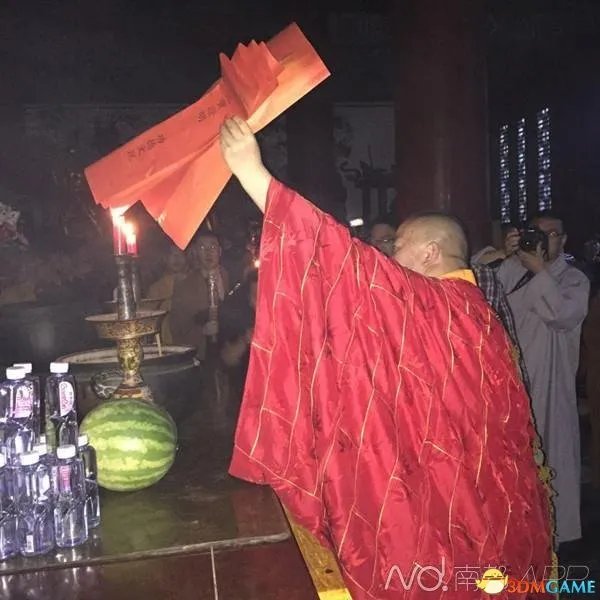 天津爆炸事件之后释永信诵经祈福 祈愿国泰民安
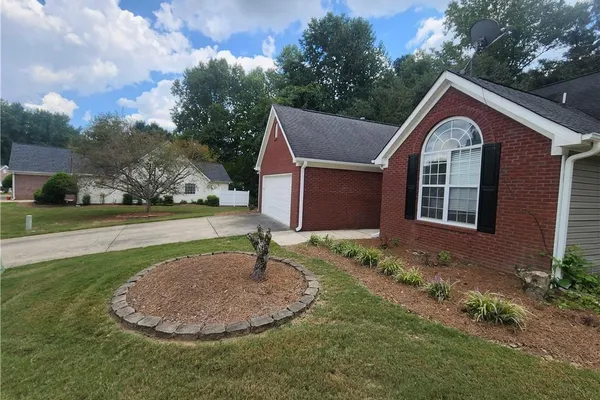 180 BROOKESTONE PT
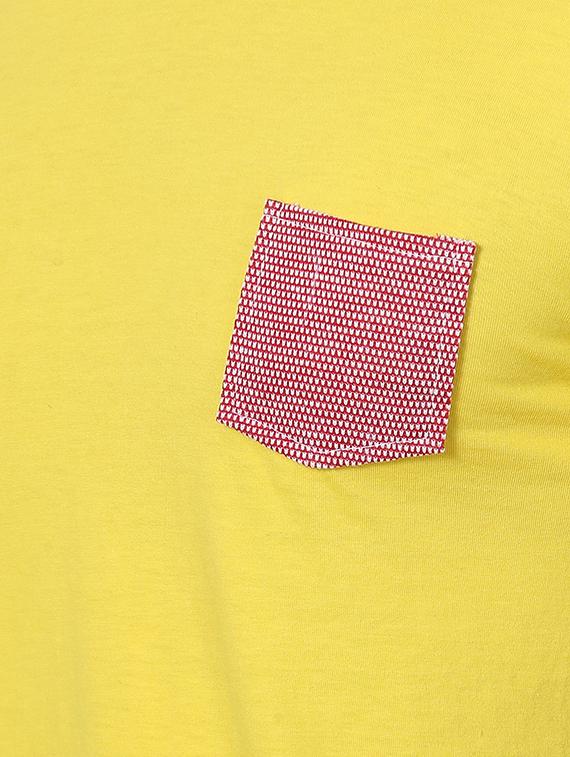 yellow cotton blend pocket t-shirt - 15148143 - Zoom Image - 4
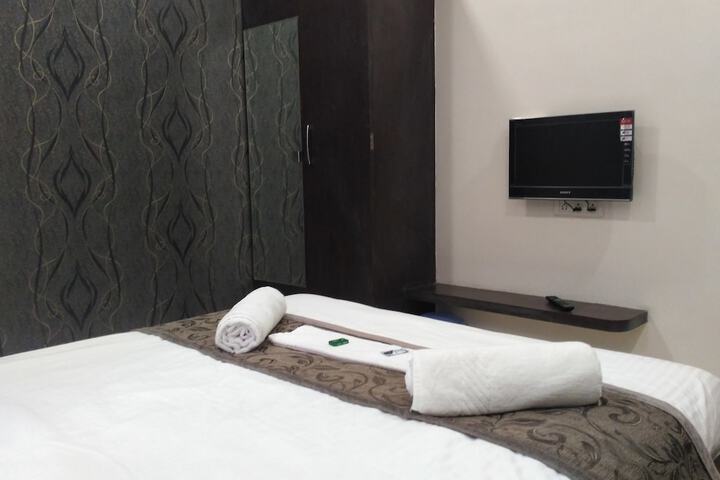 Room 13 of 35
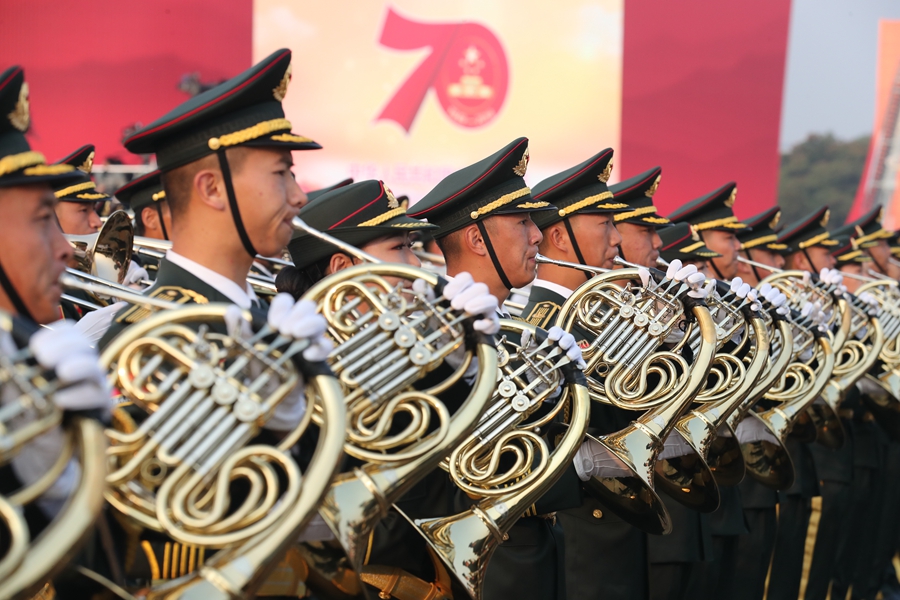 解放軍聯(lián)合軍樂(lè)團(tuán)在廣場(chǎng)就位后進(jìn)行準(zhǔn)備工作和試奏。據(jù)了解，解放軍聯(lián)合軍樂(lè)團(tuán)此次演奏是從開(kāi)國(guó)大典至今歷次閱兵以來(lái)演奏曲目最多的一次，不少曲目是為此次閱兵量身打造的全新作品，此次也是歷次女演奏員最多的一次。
* * *
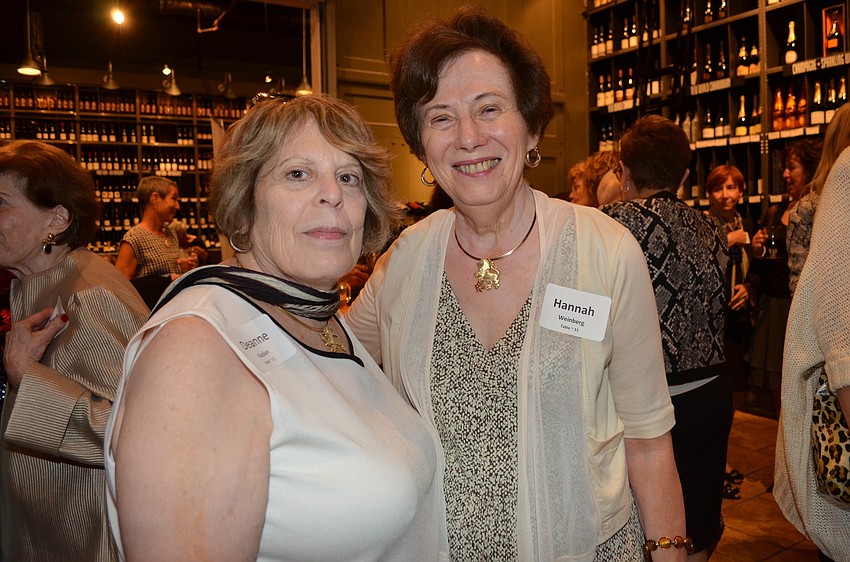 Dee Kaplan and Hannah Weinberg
* * *
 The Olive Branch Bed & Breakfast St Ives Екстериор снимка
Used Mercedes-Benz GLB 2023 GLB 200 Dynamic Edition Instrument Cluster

(Task prompt) Scan the listing above for the line that has "The Olive Branch", then copy exactly from that line through the line that has "Used Mercedes-Benz GLB".

(Exercise result)
 The Olive Branch Bed & Breakfast St Ives Екстериор снимка
Used Mercedes-Benz GLB 2023 GLB 200 Dynamic Edition Instrument Cluster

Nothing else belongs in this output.